▶ [Work task]: Could you repeat every entry below word for word, leaving out the pictures?

[Supplied records — start]

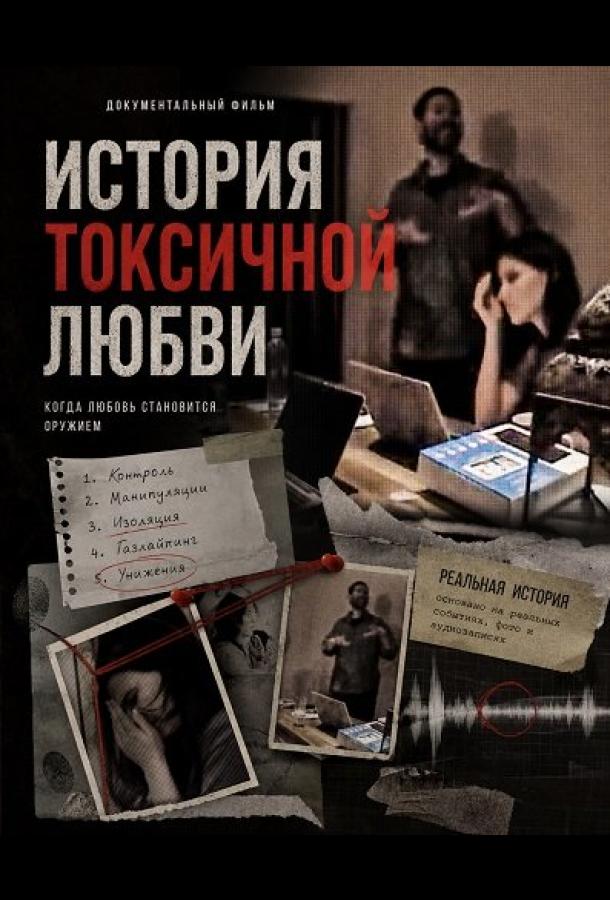 История токсичной любви
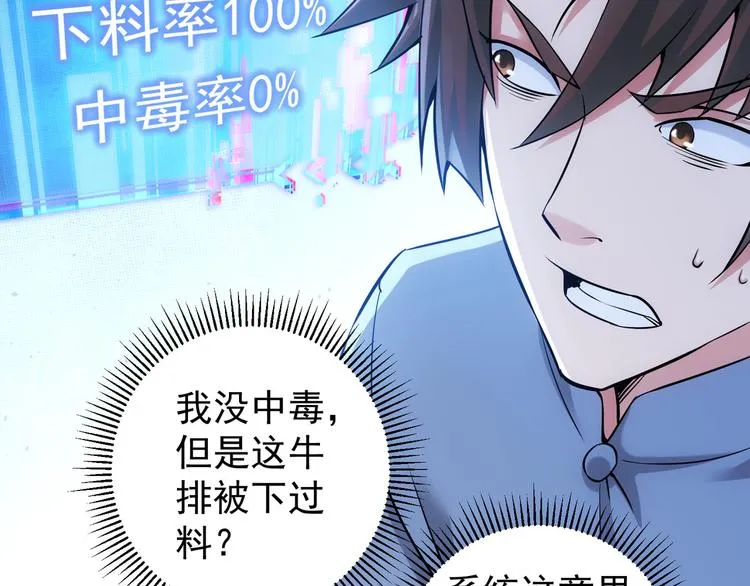 第55话 追杀与逃命 第32页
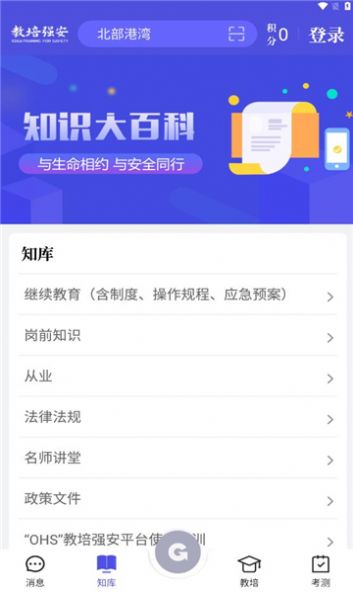 教培强安app图3
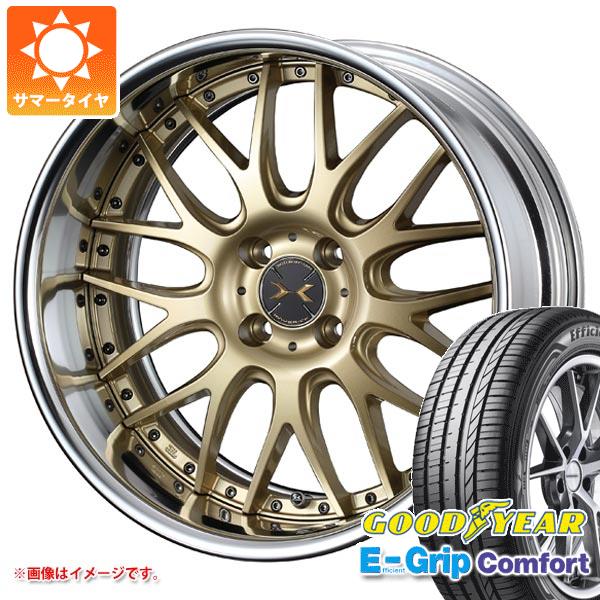 サマータイヤ 165/45R16 74V XL グッドイヤー エフィシエントグリップ 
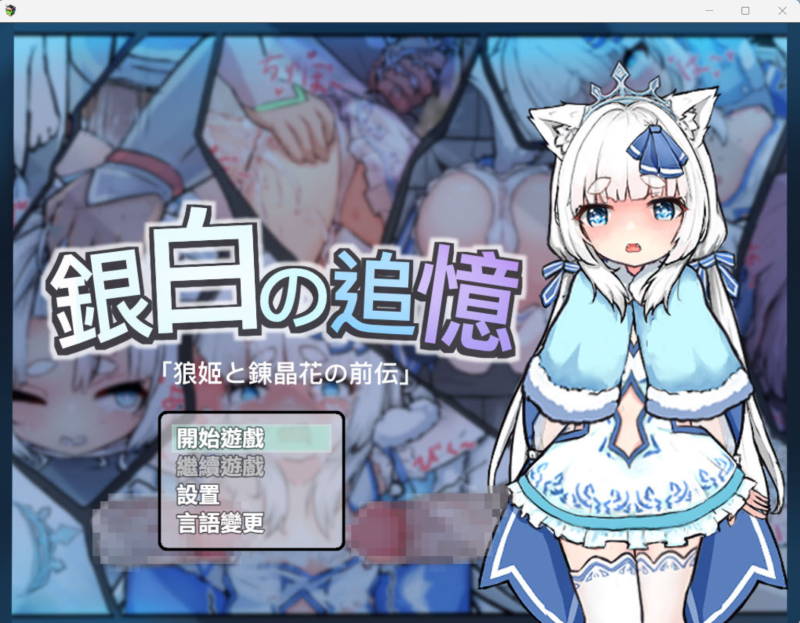 銀白の追憶-KAZAMATA'S WEBSITE（GAMES）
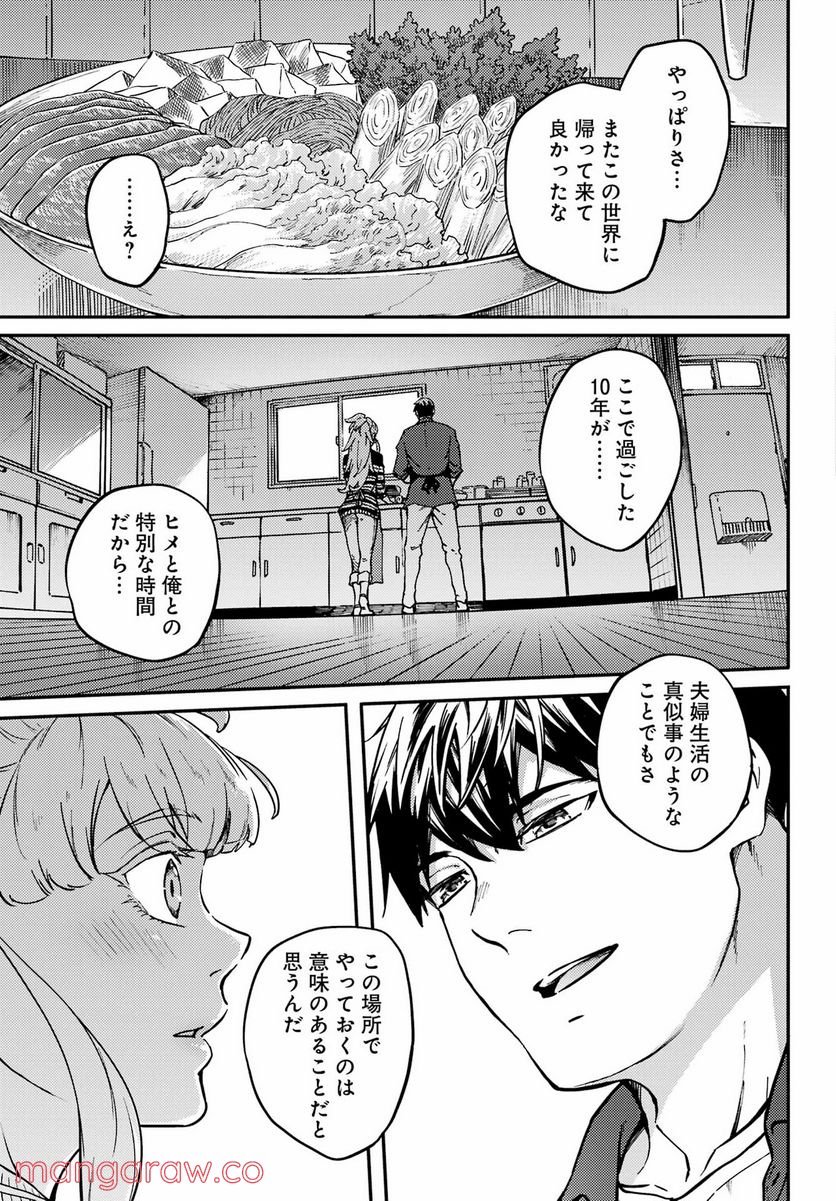 結婚指輪物語 - 第70話 - Page 19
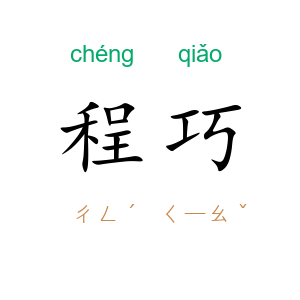 程巧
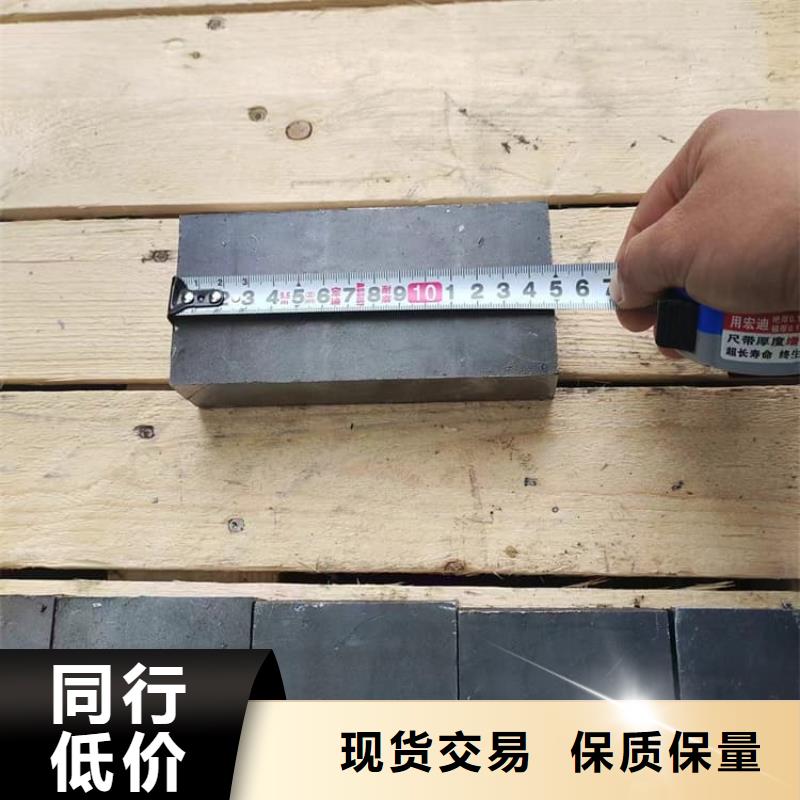 浇铸配重铅块质量有保障的厂家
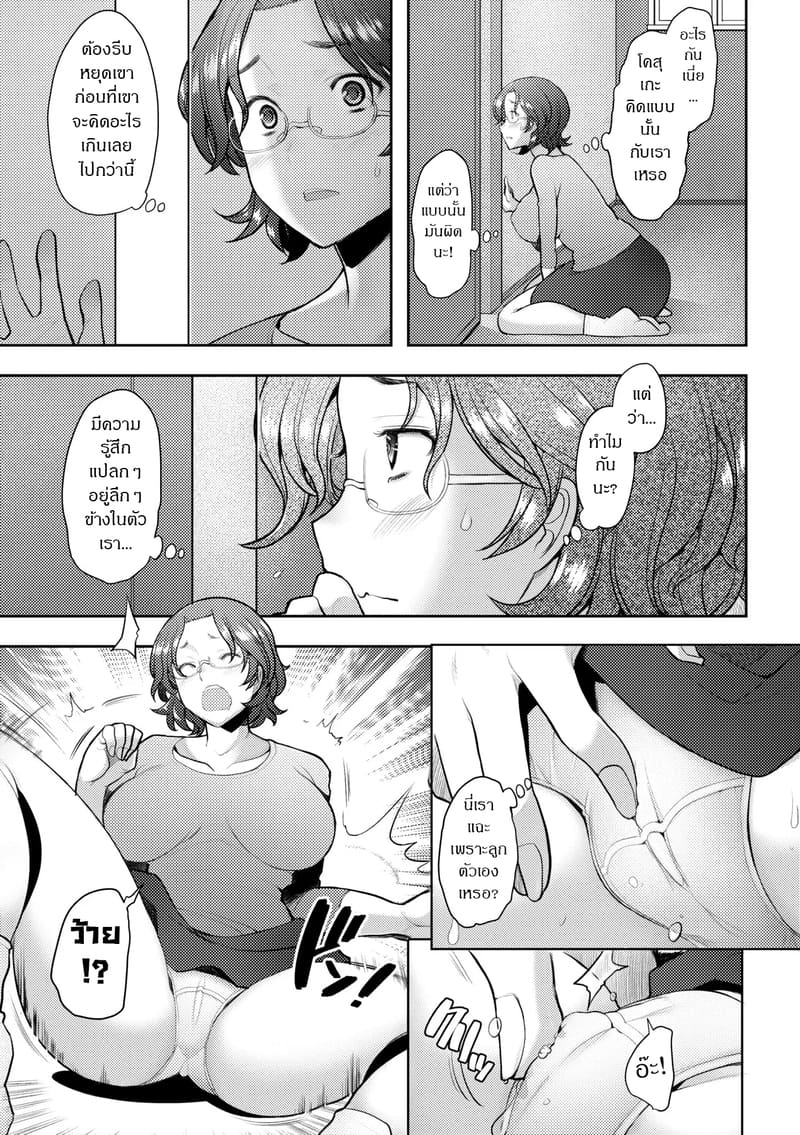 อ่านโดจิน ความจริงใจระหว่างเราสอง แปลไทย หน้า 5 แนว sakai hamachi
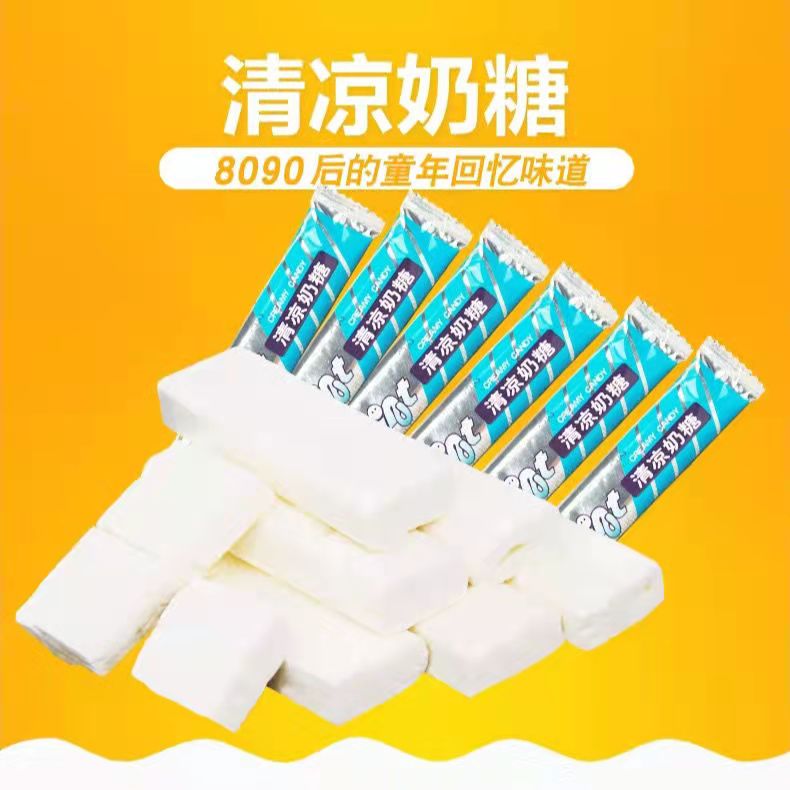 乳牛之家清凉奶糖薄荷味16g条装8090后怀旧糖果零食包邮-图2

[Supplied records — finish]

▶ [Your response]:
 История токсичной любви
 第55话 追杀与逃命 第32页
 教培强安app图3
 サマータイヤ 165/45R16 74V XL グッドイヤー エフィシエントグリップ 
 銀白の追憶-KAZAMATA'S WEBSITE（GAMES）
 結婚指輪物語 - 第70話 - Page 19
 程巧
 浇铸配重铅块质量有保障的厂家
 อ่านโดจิน ความจริงใจระหว่างเราสอง แปลไทย หน้า 5 แนว sakai hamachi
 乳牛之家清凉奶糖薄荷味16g条装8090后怀旧糖果零食包邮-图2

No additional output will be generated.